C pointer conversions

Question

Let's suppose I have a buffer of bytes:

char buffer[] = {  0x11, 0x00, 0x00, 0x02, .... };

What I want to do is to take a qword from a specific offset. The offset will be calculated in bytes. Here is what I have done:

unsigned long long *ptr = &buffer[16];
unsigned long long myqword = *ptr;

It seems to works for me. I am skipping 16 bytes from the beginning and then taking 8 bytes.

My question is why do I get this warning message:

warning: initialization of ‘long long unsigned int *’ from incompatible pointer type ‘char *’ [-Wincompatible-pointer-types]
   unsigned long long *ptr = &buffer[16];

Note you are [violating the strict aliasing rule](https://stackoverflow.com/a/51228315/1708801) — Shafik Yaghmour, Sep 18 '18 at 08:35
so what should i do to make it work without violating rules ? — Bob5421, Sep 18 '18 at 08:35
@Observer Please don't answer in comments.
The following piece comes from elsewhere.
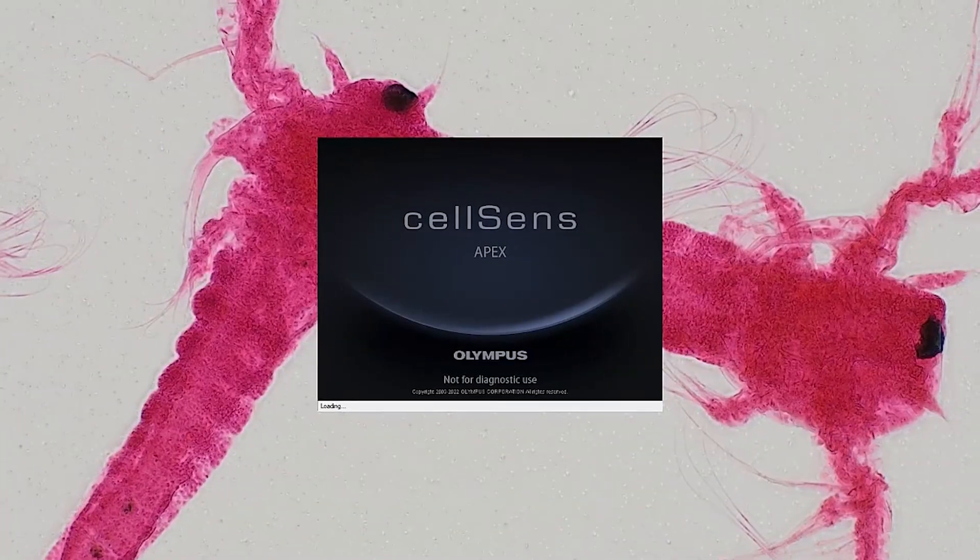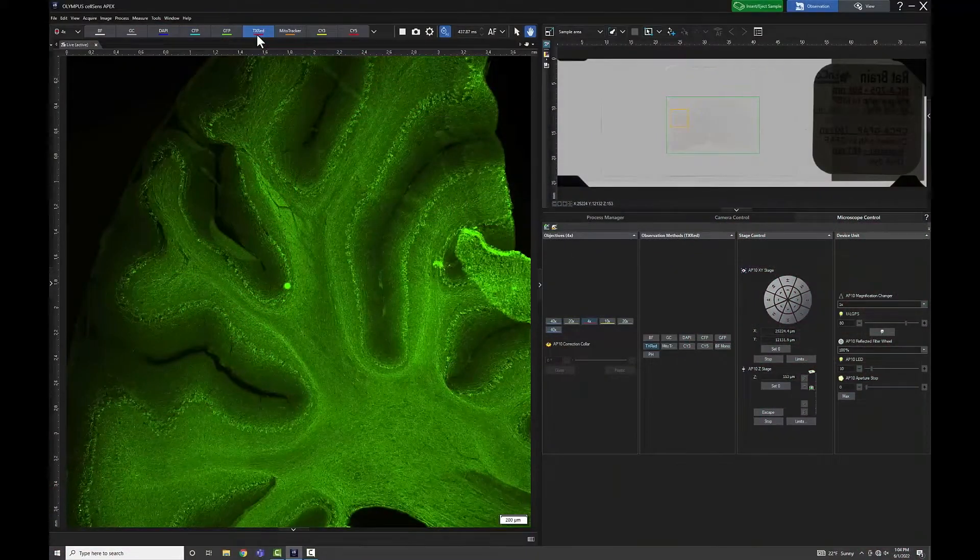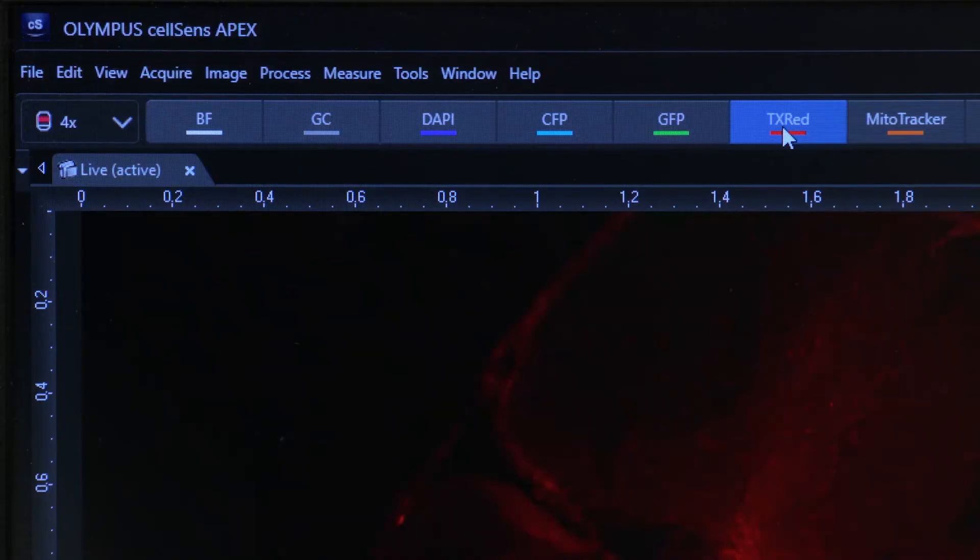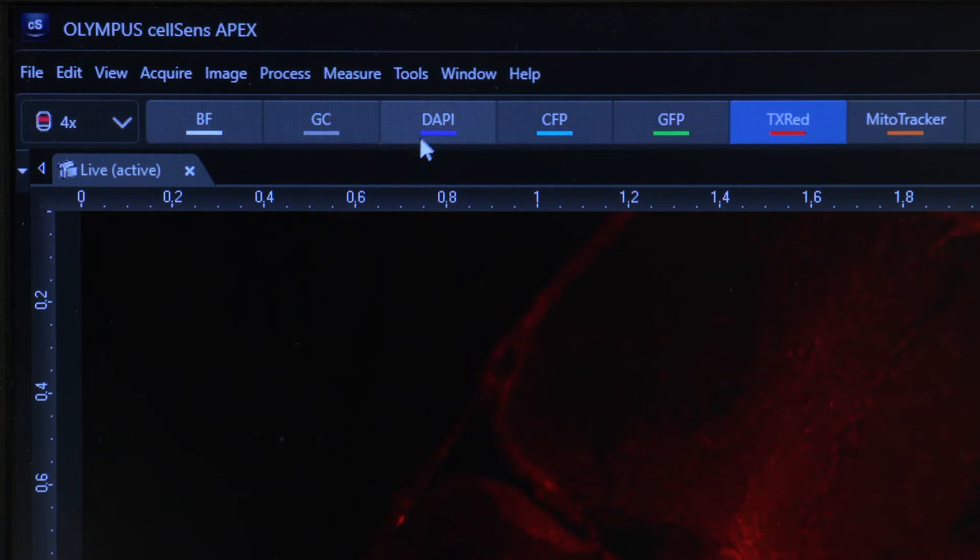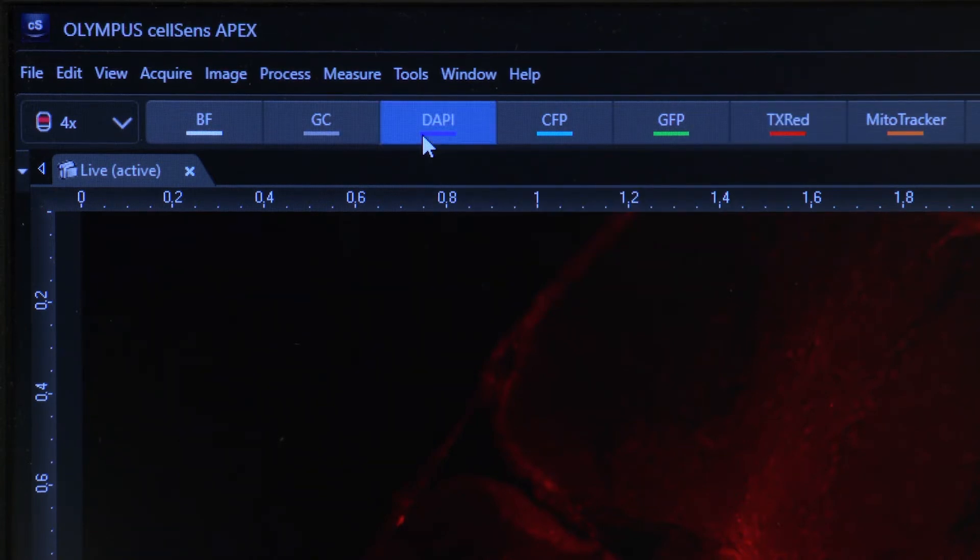Using CellSense APEX software, you can switch between modalities or filters with the touch of a button for efficient operation and ease of use.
Cast is the worst option: it will hide the warning, but it won't fix the strict aliasing violation. — user694733, Sep 18 '18 at 08:36

Lundin · Answer 1 · 2018-09-18T11:26:55.860

There's 4 major problems here:

unsigned long long* is not compatible with char*. This is the cause for the compiler error.
Reading a bunch of char through a unsigned long long* would violate the strict aliasing rule, invoking undefined behavior bugs.
Reading a bunch of char through a unsigned long long* may also cause misaligned access, invoking undefined behavior bugs.
Using char to store integer values is a very bad idea, since char has implementation-defined signedness and could be signed on some computers. Use uint8_t instead.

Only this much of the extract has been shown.